FIG. 3 is a graph of temperature, viscosity and density over time for a wax-like polymer solution fluid different from that of FIGS. 1 and 2 under flowing conditions.

FIG. 4 is a schematic diagram of an apparatus to measure asphaltene deposition from dead crude oils caused by addition of a destabilizing solvent;

FIG. 5 is a photograph of asphaltene deposits on an inner rod deposition chamber viewed at 0°;

FIG. 6 is a photograph of asphaltene deposits on the inner rod deposition chamber of FIG. 5 viewed at 90°;

FIG. 7 is a photograph of asphaltene deposits on the inner rod deposition chamber of FIG. 5 viewed at 180°;

FIG. 8 is a photograph of asphaltene deposits on the inner rod deposition chamber of FIG. 5 viewed at 270°;

FIG. 9 is a photograph of asphaltene deposits formed on the sensor and shaft of the torsional resonator viscosity-density sensor viewed from the front flow path;

FIG. 10 is a photograph of asphaltene deposits formed on the sensor and shaft of the torsional resonator viscosity-density sensor viewed from the backside of the flow path, showing less deposition;

FIG. 11 is a graph of viscosity as a function of time for the torsional resonator viscosity-density sensor of Example 3 illustrating that the viscosity profile steadily increases with asphaltene deposition; and

FIG. 12 is a graph of density as a function of time for the torsional resonator viscosity-density sensor of Example 3 illustrating that the density profile steadily was relatively steady during the test.

DETAILED DESCRIPTION

A method has been discovered for measuring the deposition of chemical species in a well, flow line, or processing equipment. It will be appreciated that in the context herein, “well” is defined to include a well in a subterranean formation for the production of hydrocarbons including but not necessarily limited to, oil and gas, particularly petroleum, although the methods herein could be applicable to water wells. “Flow lines” in the context herein are defined to include upstream, mid-stream and downstream flow lines, conduits, and pipes in hydrocarbon recovery and processing including, but are not necessarily limited to, blending in pipeline operations, terminals, marine fuels, refinery storage tanks, etc., as well as in the qualification of finished fuels including, but not necessarily limited to, diesel fuel. “Flow lines” also include those lines used in the manufacture of polymers and other materials, and in any laboratory testing and processing apparatus where deposition of a chemical species is of a concern. In addition, in the manufacture of polymers, the methods described herein can be used to measure viscosity as a quality control parameter of the product polymer. In another process application, the ability to adjust or use the proper amount of caustic or other component could be handled or monitored by online density measurements.
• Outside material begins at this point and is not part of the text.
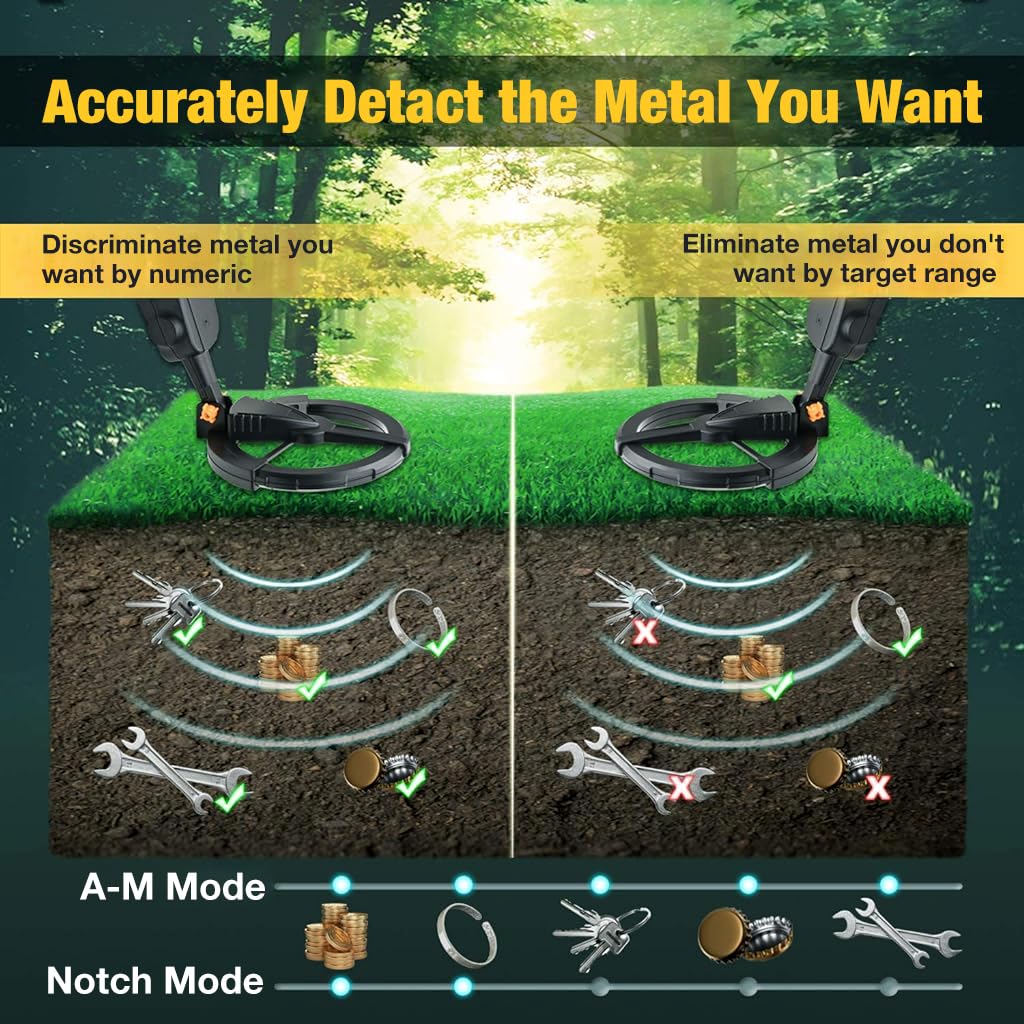 HASTHIP Metal Detector for All Metal for Kids Educational, Metal Detector Machine for Coins, Metal Objects & Gold Rings with 6 Inches Coil, Support Sound Alarm, Sentivity Adjustment (Without Battery)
In another non-limiting embodiment, the method may be practiced in the presence of other chemicals or materials found in subterranean reservoirs, upstream production facilities, mid-stream transportation facilities, refining operations, and fuel blending operations. These chemicals and/or materials include, but are not limited to, water, brine, surfactants, acids, inorganic scale, formation sand, formation clays, corrosion by-products, upstream petroleum production chemicals, and refinery processing chemicals. These chemicals may or may not affect the foulant stability, foulant deposition, and/or foulant inhibitor efficacy.

The petroleum-based fluid may be or include at least one fluid, such as but not limited to, a production fluid, crude oil, natural gas condensate, shale oil, shale gas condensate, bitumen, diluted bitumen (dil-bit), refinery fractions, finished fuel, finished petroleum products, and combinations thereof. In a non-limiting embodiment, the petroleum-based fluid sample may be only one fluid where determining the deposition of foulants in the at least one fluid may be desired. In an alternative embodiment, the petroleum fluid may be a mixture of at least two fluids to determine how one fluid may affect the deposition of foulants within another fluid. As noted, sometimes while two different fluids individually may not have fouling problems, fouling may occur and/or chemical species may be deposited after the two fluids are mixed.

As chemical species in a flowing fluid, e.g. asphaltenes in an organic fluid such as petroleum, are destabilized and flocculated, it has been discovered that they deposit on a resonator sensor placed in the flow line or well through which the organic fluid is flowing. Suitable resonator sensors include but are not necessarily limited to a torsional resonator or a symmetrical sensor. In one non-limiting embodiment herein, the term “resonator sensor” does not encompass quartz crystal microbalances (QCMs), also known as quartz crystal resonators; that is, there is an absence of a QCM in the methods described herein. The measurement principle of the resonator sensors herein differs from that of QCMs. In the resonator sensors herein, the damping measurement of the system is based on the change of phase around this resonance frequency.

The changes encountered by the chemical species in the organic fluid may be related to the separation or stability of foulant species, foulant species treated with inhibitors, or both. Typically, as chemical species precipitate and/or separate at or near the surface, they tend to form deposits, and when the deposits occur on a resonator sensor and its resonance is changed, the presence of the deposition of chemical species is detected. The change in resonance of the resonator sensor is a change including, but not necessarily limited to, a viscosity change, density change, and/or deposition build-up on the sensor. In the embodiment where the amount of change in resonance is detected over a time period related to deposition build-up it may be correlated to the amount of deposition of the chemical species on the resonator sensor, thus not only the presence but the amount of the chemical species depositing may potentially be measured.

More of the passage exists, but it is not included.